*ACTION ITEM:* Starting with the line that contains "Nike AF1 Lucky Green" and stopping after the line that contains "Bric's B|Y Ulisse", return each line below exactly as written, with no others.
━━ DATA SHOWN
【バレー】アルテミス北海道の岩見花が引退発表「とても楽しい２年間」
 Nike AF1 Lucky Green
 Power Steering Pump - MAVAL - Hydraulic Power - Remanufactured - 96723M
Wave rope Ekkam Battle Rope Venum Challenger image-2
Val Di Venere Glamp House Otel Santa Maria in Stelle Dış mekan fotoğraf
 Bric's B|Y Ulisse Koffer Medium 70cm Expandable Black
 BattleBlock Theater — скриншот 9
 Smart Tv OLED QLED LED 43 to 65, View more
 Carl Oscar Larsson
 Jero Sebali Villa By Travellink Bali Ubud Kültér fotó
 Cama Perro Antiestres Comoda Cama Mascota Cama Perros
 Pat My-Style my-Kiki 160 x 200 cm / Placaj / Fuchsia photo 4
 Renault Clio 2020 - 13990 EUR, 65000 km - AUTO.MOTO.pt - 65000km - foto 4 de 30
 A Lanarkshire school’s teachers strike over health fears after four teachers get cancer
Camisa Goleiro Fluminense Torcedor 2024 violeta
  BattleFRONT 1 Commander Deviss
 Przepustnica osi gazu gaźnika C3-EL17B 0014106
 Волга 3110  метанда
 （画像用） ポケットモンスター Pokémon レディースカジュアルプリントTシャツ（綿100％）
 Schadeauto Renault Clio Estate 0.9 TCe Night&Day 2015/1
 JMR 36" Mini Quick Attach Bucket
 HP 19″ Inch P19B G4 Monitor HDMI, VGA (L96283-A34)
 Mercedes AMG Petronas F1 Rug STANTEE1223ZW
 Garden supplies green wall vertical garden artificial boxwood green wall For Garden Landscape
━━━━
*TASK ANSWER:*
 Nike AF1 Lucky Green
 Power Steering Pump - MAVAL - Hydraulic Power - Remanufactured - 96723M
Wave rope Ekkam Battle Rope Venum Challenger image-2
Val Di Venere Glamp House Otel Santa Maria in Stelle Dış mekan fotoğraf
 Bric's B|Y Ulisse Koffer Medium 70cm Expandable Black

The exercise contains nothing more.